I modified a few things from the original script. First, there was a line that converted BGR to RGB and t went like this:


rgb_small_frame = small_frame[:,:,::-1]

But cv2 already can do it with BGR2RGB and this is more practical:


rgb_small_frame = cv2.cvtColor(small_frame,cv2.COLOR_BGR2RGB)


You can also use TrueType fonts instead of bitmap one with


font = ImageFont.truetype


instead of Hershey Duplex.


Lastly you need to define the names of the people in the images (starting with line #60):


known_face_names = [
    "Ciuraru Claudiu",
    "Ioana Filip",
    "Ionut Butean",
    "Lorena Nemes",
    "Palfi Levente",
    "Razvan Coloja",
    "Roxana Alexandra",
    "Roxana Mihaela",
    "Raluca Buhas"
#    "Zsuzsi Coloja"

The list has to be in the order defined in the . Don't use special characters in the names.

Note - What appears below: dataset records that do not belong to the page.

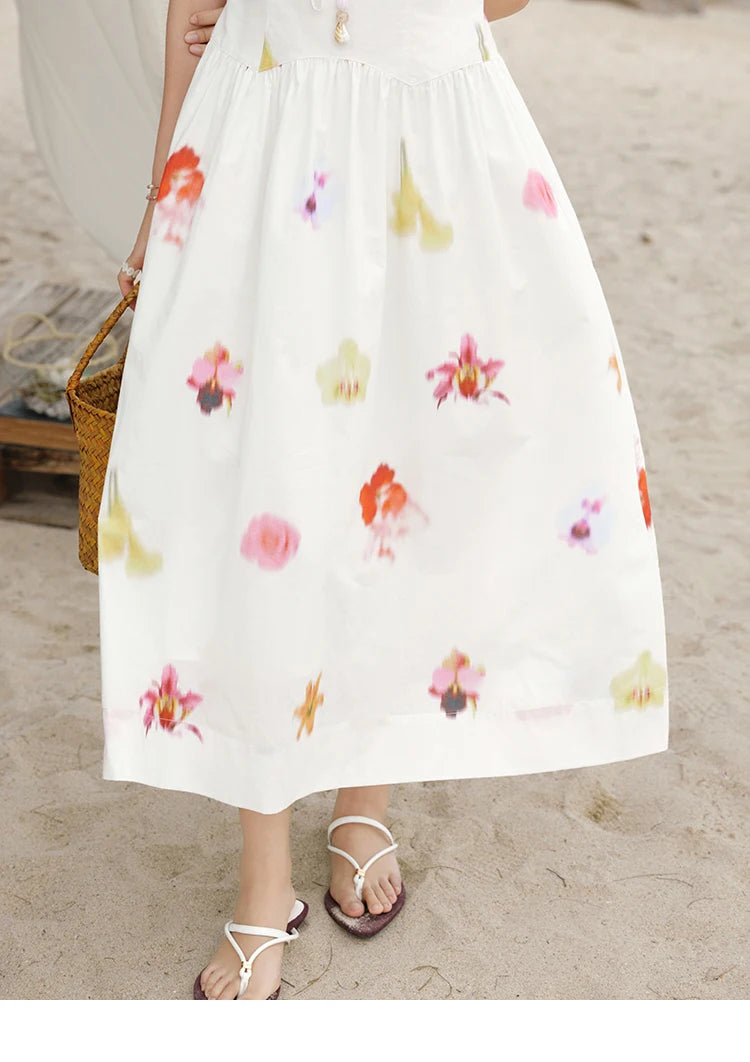 MISHOW Korean Cotton Print Drawstring Dress MXE32L2212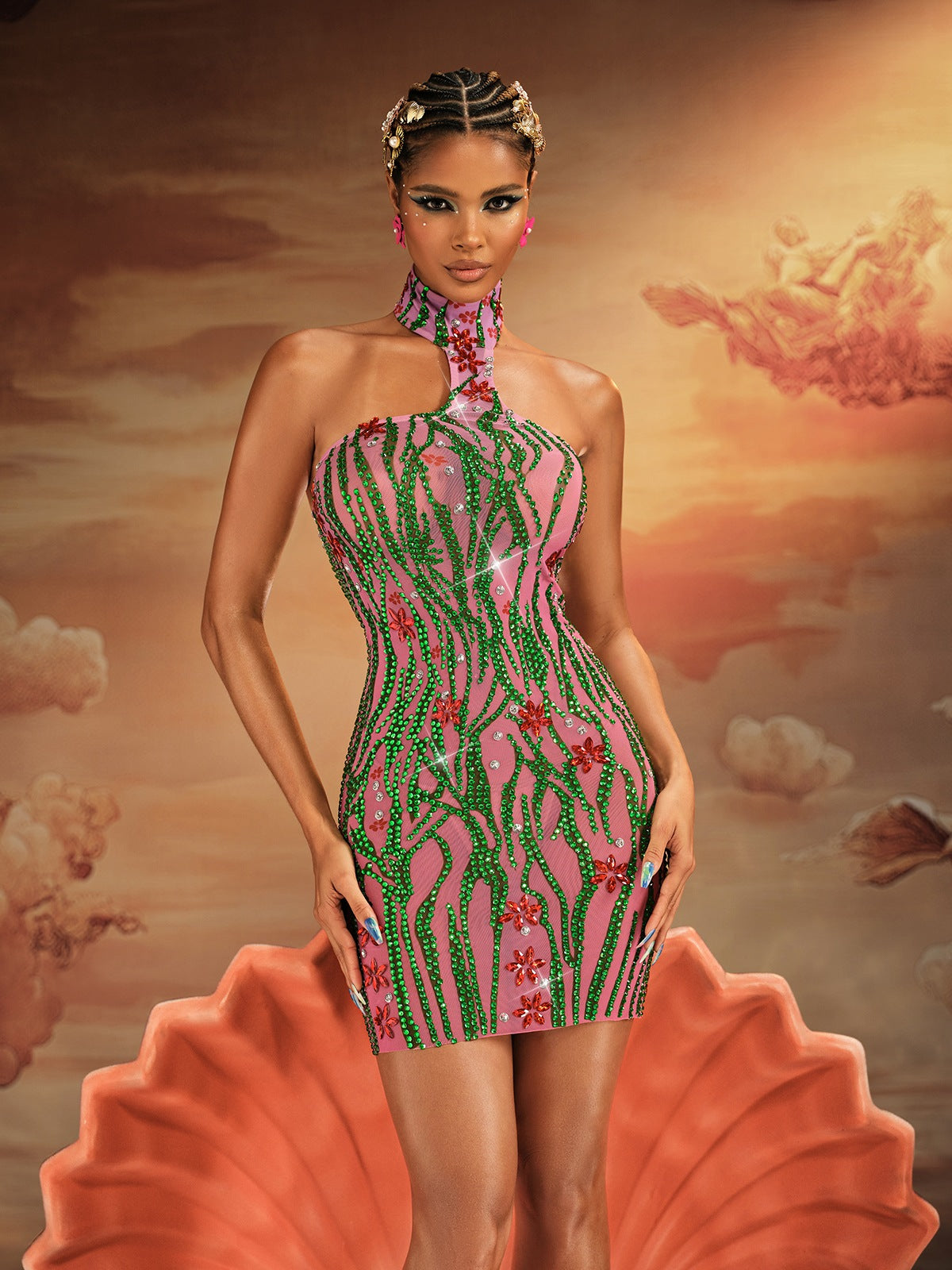 Rosstef Embellished Mesh Mini Dress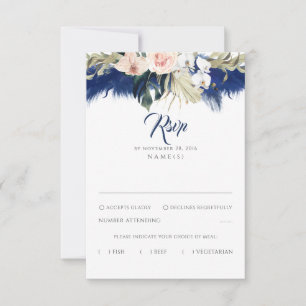 Navy Blue Pampas Grass Floral Tropics Wedding RSVP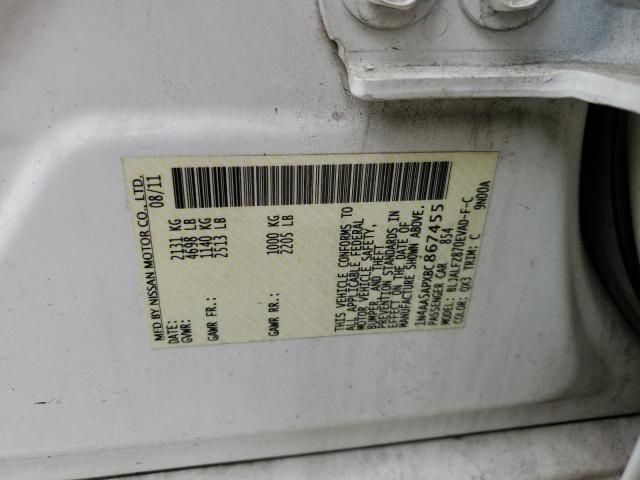 Photo 10 from auction – 2011 NISSAN MAXIMA S with VIN 1N4AA5APXBC867455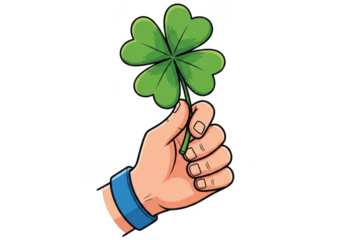 Holding a lucky four-leaf clover isolated on transparent background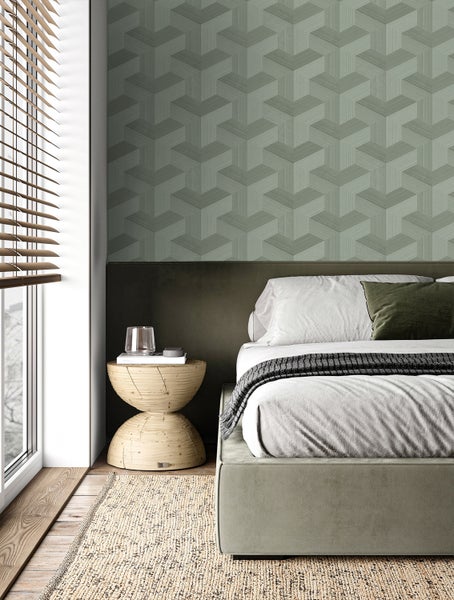 Origin Wallcoverings Tapete 3D-Muster Graugrün - 53 cm x 10.05 m - 347951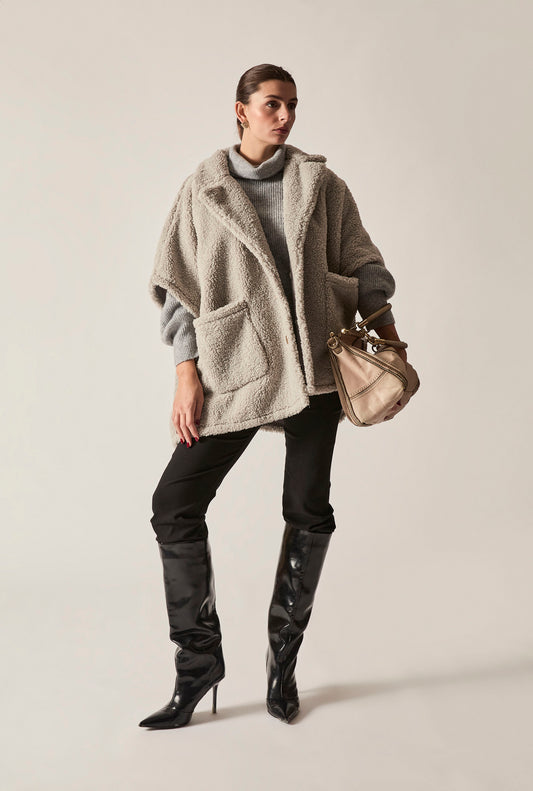 Grey Teddy Button Cape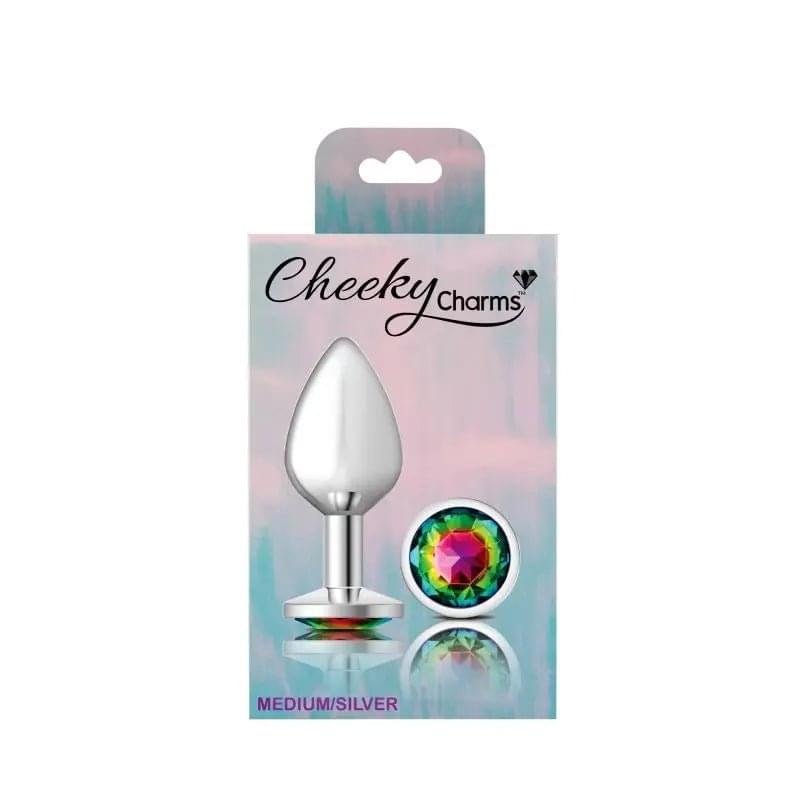 Cheeky Charms Silver Round Butt Plug w Rainbow Jewel Medium Cheeky Charms Discreet Intimate Essentials.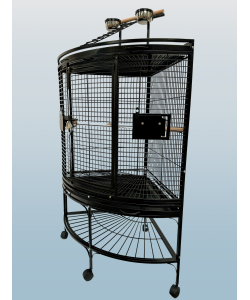 Parrot-Supplies Louisiana Corner Parrot Cage With Play Top Black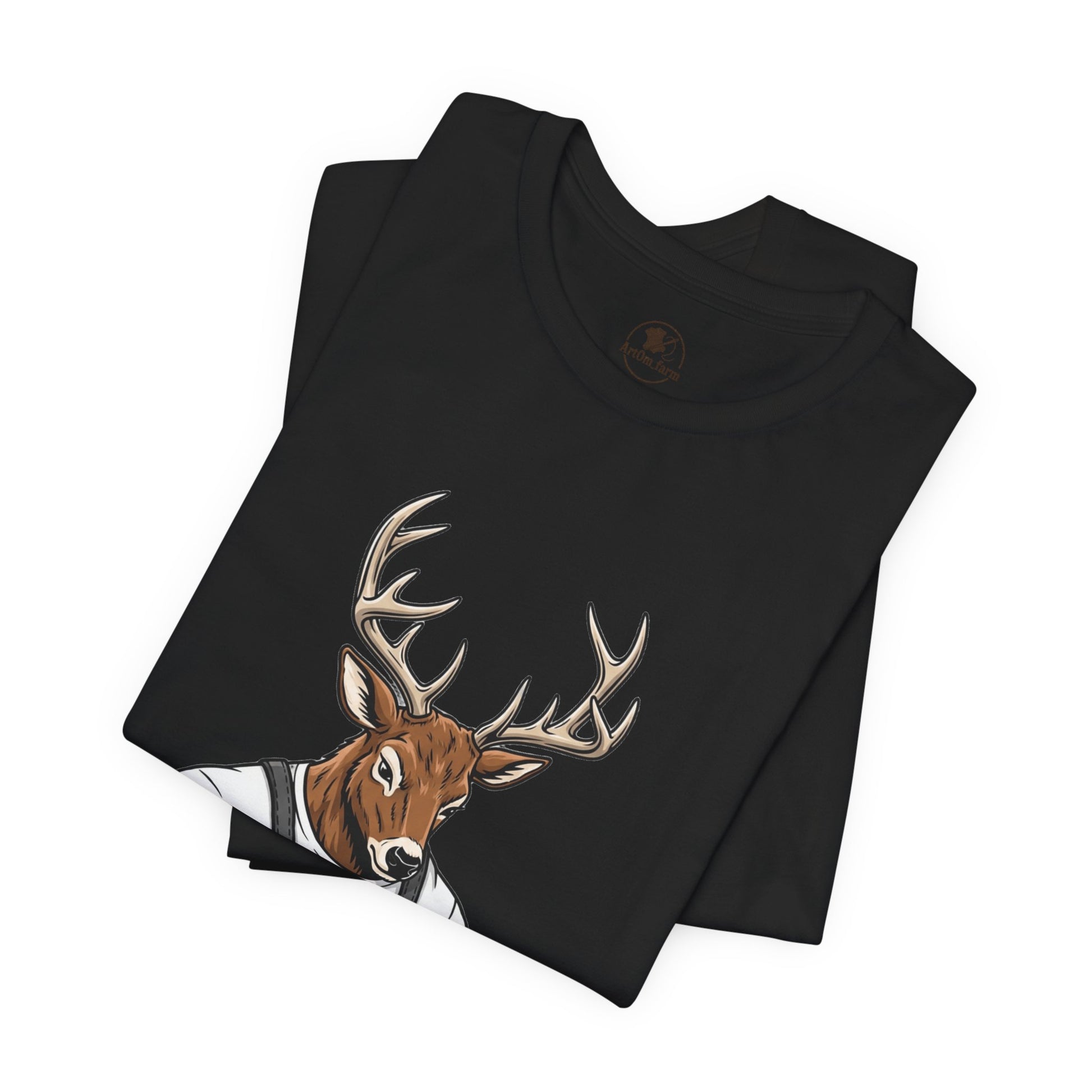 Artisan Deer Graphic Tee for Nature Lovers - Cute Animal Shirt, Unisex Casual Wear, Perfect Handyman Gift - ArtOm_farm™ LEATHER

Run Attendance.py with sudo python3 Attendance.py. The Raspberry Pi NoIR v 2.1 I used presents the video stream in a 640x380px window and the video feed framerate is set at 60. The small resolution is to avoid lags, but I left higher resolution examples commented out in the script above.




  • Use flip_method=2 instead of flip_method=0 if your Raspberry Pi camera is upside-down.
  • You have to use administrative rights to launch the scripts.
  • You have to use Python3.
  • You have to use the barrel connector for the NVidia Jetson Nano as the 5V MicroUSB power port can't always handle intensive GPU usage, especially when a lot of people come into the camera's focus.
  • In name = "Necunoscut", Necunoscut is Romanian for "Unknown". It's used on-screen to define people not listed in the two Python scripts.
  • pillow has to be installed (sudo apt install pillow or pip3 install pillow)


Note: I take no credit for these scripts. They belong to their original author. I've just modified them to fit my needs.